God has a dream.  He has a dream of a people with whom can have a relationship of great intimacy – a people who can commune with Him and even be co-workers with Him in sustaining that which He has created.   And so, to bring that dream into fruition, God works – He creates.  He creates a planet that can sustain the life of the humanity He wants to create – a planet with water and vegetation and animal life.  He creates a solar system to support the cycle of day and night and season that ensure life on the planet.  He creates a universes beyond which humanity will ever grasp.  And in His incredible creative power He creates through His spoken Word – ”Let there be light” He says.  And there is light.

 

And once the planet and the universe is able to sustain His dream – the life of the humanity He wants to create God creates out of the dust of the very substance of the planet, the dust of the planet a man.  And He gives dominion and responsibility over the planet.  And then, He creates again – from same substance of the man – from the very being of the man God creates a companion for him – a woman.  But, and we all know the story, the very pinnacle of God’s dream and creation, with profound arrogance rebels against Him, and in doing so unleash the forces of evil and destruction and death upon all God had created.

 

But God does not give up on His dream.  And so God chose to grace this little, fragile planet to save it – to save it and the entire of His creation because when humans in their profound arrogance chose to follow their own ways instead of God’s they unleashed the very forces of destruction and alienation upon all God had created.  He comes to this little planet so save the people He so lovingly created who inhabit it – for whose very existence He created the planet, but who are thoroughly bent on self-destruction.  And He comes to save the planet from the humanity He placed on it and the very planet itself from total destruction.  He comes with a new dream – to redeem the world – to pay the price – to free the whole of creation from its bondage to evil and death.  And He comes with a dream to reconcile all that He created back to Himself – people and planet and universe.

 

Through the Son, then, God decided to bring the whole universe back to himself. God made peace through his Son’s blood on the cross and so brought back to himself all things, both on earth and in heaven. Col 1:20

 

Now we know that Christ came and died to achieve what no person could achieve – to pay the price to redeem you and I and this creation from evil and death, and so to open the way to reconcile the whole created order back to Himself.  But God calls us, you and I, who have within ourselves new life and have personalised it in an empowering and liberating way, to be partners with Him in this process of redemption and reconciliation.

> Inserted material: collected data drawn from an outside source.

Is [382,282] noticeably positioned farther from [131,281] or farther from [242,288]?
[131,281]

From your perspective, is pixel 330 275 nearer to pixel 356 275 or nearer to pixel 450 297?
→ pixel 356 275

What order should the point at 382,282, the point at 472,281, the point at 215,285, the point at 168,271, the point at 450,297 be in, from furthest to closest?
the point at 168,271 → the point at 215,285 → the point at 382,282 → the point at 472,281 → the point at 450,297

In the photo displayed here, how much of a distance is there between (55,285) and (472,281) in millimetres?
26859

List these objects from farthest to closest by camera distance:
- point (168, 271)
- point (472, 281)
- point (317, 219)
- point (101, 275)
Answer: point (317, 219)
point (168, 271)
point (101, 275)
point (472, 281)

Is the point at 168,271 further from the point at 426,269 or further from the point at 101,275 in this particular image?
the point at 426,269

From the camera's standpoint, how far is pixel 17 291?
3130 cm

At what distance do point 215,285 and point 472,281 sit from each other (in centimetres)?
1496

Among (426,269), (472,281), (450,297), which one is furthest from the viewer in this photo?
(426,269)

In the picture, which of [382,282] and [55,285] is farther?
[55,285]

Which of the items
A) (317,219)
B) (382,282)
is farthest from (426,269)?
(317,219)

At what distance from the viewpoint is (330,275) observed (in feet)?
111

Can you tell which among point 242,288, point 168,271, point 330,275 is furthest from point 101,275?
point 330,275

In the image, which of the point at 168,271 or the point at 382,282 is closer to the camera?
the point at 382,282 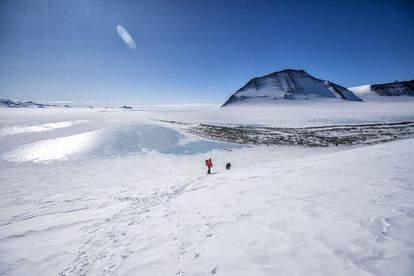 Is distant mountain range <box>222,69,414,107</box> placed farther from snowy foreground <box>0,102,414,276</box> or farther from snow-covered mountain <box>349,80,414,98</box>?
snowy foreground <box>0,102,414,276</box>

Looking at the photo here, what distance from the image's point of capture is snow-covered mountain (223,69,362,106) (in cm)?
14562

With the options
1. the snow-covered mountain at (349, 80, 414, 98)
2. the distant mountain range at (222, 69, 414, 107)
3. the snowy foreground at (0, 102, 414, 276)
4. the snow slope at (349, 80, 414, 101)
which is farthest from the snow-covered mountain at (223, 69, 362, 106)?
the snowy foreground at (0, 102, 414, 276)

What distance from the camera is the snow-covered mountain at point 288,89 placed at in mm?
145625

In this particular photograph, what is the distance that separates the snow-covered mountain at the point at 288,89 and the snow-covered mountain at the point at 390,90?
32.1 m

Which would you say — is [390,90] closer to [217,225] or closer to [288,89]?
[288,89]

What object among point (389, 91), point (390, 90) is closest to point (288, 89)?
point (389, 91)

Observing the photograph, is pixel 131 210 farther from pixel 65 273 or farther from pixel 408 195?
pixel 408 195

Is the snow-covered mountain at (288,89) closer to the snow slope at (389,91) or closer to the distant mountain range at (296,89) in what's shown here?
the distant mountain range at (296,89)

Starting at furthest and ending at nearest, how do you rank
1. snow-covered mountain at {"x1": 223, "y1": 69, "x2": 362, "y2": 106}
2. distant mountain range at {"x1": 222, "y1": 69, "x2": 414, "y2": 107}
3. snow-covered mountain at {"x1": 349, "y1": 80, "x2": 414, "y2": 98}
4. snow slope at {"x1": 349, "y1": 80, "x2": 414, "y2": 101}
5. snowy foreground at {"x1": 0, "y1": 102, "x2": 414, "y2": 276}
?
snow-covered mountain at {"x1": 349, "y1": 80, "x2": 414, "y2": 98} → snow slope at {"x1": 349, "y1": 80, "x2": 414, "y2": 101} → snow-covered mountain at {"x1": 223, "y1": 69, "x2": 362, "y2": 106} → distant mountain range at {"x1": 222, "y1": 69, "x2": 414, "y2": 107} → snowy foreground at {"x1": 0, "y1": 102, "x2": 414, "y2": 276}

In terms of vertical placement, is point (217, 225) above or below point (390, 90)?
below

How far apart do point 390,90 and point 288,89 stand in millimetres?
88224

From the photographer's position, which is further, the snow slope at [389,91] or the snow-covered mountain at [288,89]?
the snow slope at [389,91]

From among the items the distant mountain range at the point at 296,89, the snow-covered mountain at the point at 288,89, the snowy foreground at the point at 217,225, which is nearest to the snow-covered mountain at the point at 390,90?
the distant mountain range at the point at 296,89

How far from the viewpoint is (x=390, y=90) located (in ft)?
549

God calls us to be partners in his plan to restore His dream.  And by the power of the Holy Spirit, He imparts deep within us His own dream for creation – for the redemption of creation and the reconciliation of all He has created back to Himself.  That dream seeks to find its expression and fulfillment through us in so many different ways.

 

And it always, always, always finds its expression within us, in the movement within our spirits, within our hearts, within our thoughts to do something for the good of society, to somehow improve the lives of others, to somehow improve our community, the desire to serve the common good, to do that which benefits all.  We long for and dream for a better place, a better community, a better world – A place where the marginalised and poor can be taken better care of – a place where our children can walk safely in the streets, and properly educated and be secure they could provide for themselves one day.  We long for a world where our grandchildren could revel in the amazing diversity of ocean life, the abundance of natural forests and appreciate endangered species live without threat in their natural surroundings.  We dream of where our professions our businesses, our abilities could be used, not to merely to provide for ourselves and our families, not merely serve our purposes, not merely to enhance our social status and sense of self-security, but to serve the common good – where we as people could be true messengers of the Good News that Christ has died to redeem all of us – the whole of creation – from evil – that we through who we are and what we do may be true messengers of hope and prosperity.  We dream of where we could go move beyond the routineness and stress of everyday life and use what we do best to empower and bring life to others – of where we live lives of profound significance for others and our community and the common good.

 

How often have we not harboured such dreams – such hope.  And how often have we not expressed such a wish.  And those dreams, those wishes, that hope – are they not of God.  Because they are the same as God’s dream – the dream He sent His Son into the world to make possible.  And whether we realise it or not, acknowledge it or not, believe in God or not, there origin within us lies in God placing them in every human heart.  But the very that the dream is there – the very fact that it is an expression of God’s dream for the world – simply means that God thinks it is possible, that it is within our abilities.

 

And so God gives to us a dream – His dream for creation.  To each one us who have the new life of Christ gives to us, in lesser or greater degrees aspects of His dream.  He gives His dream to us, that we, with Him, may bring His dream into fruition.  And having placed his dream within us, God calls us to do what He did – to go into the world make the dream reality.

 

There is a story of a beautiful marble statue of Jesus with outstretched hands in a little French village that was damaged in the Second World War.  After the war the villagers tried to restore the statue by painstakingly recovering and piecing together the shattered pieces and parts of the statue.  The problem was they could not find or replace the hands of Christ.  After months of soul searching and consternation and consideration they finally decided not to replace Christ’s hands but rather insert a plaque under the statue with the simple inscription, “I have no hands but your hands.” (Parables II :57)    The inscription was a quotation from the words of a St. Teresa of Avila who some four hundred years before had said,

 

“Christ has

No body now on earth but yours;

No hands but yours;

No feet but yours;

Yours are the eyes

Through which is to look out

Christ’s compassion to the world;

Yours are the feet

With which He is to go about

Doing good;

Yours are the hands

With which he is to bless now.”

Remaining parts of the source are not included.